The fastest ways to test whether a number is prime have some small probability of being wrong. Said another way, it’s easier to tell whether a number is “probably” prime than to tell with certainty that it’s prime. This post looks briefly at algorithms for primality testing then focuses on what exactly it means to say a number is “probably prime.”

The simplest probabilisitic method for testing primes is based on Fermat’s Little Theorem. This theorem says that if *p* is prime then *a*^{p-1} has a remainder of 1 when divided by *p*. If the remainder when dividing *a*^{n-1} by *n* is anything other than 1, we know we do not have a prime. If the remainder is 1, we don’t necessarily have a prime, but the chances that the number is prime have gone up. (At this point, some statisticians are cringing at my wording. I’ll get to these objections in a minute.)

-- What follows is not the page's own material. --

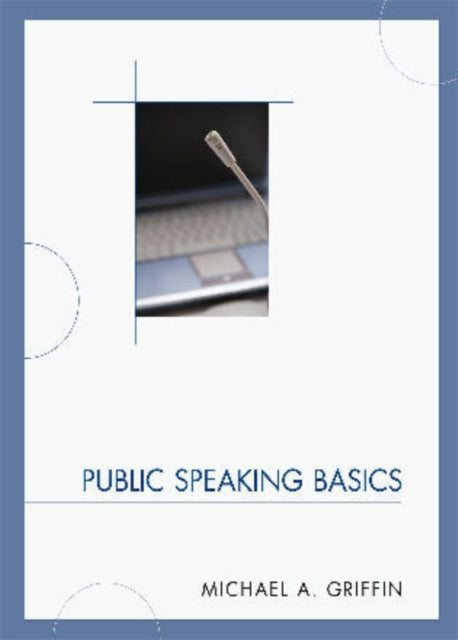 Public Speaking Basics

If I repeat the test for several different values of *a*, the probability that my number is prime keeps going up. In principle I could keep testing with new values of *a* until I’m sufficiently satisfied that my number is prime. That’s not quite true, however, since there are some numbers known as Carmichael numbers that will slip through the test for every value of *a*. The smallest Carmichael number is 561. But these numbers are sufficiently rare that you are extraordinarily unlikely to run into one by accident when testing large numbers for primality.

Primality testing involves some very interesting mathematics. I may blog about that sometime, but in this post I want to look at what it means to say a number is “probably prime.” This issue illustrates the differences between two schools of statistical interpretation.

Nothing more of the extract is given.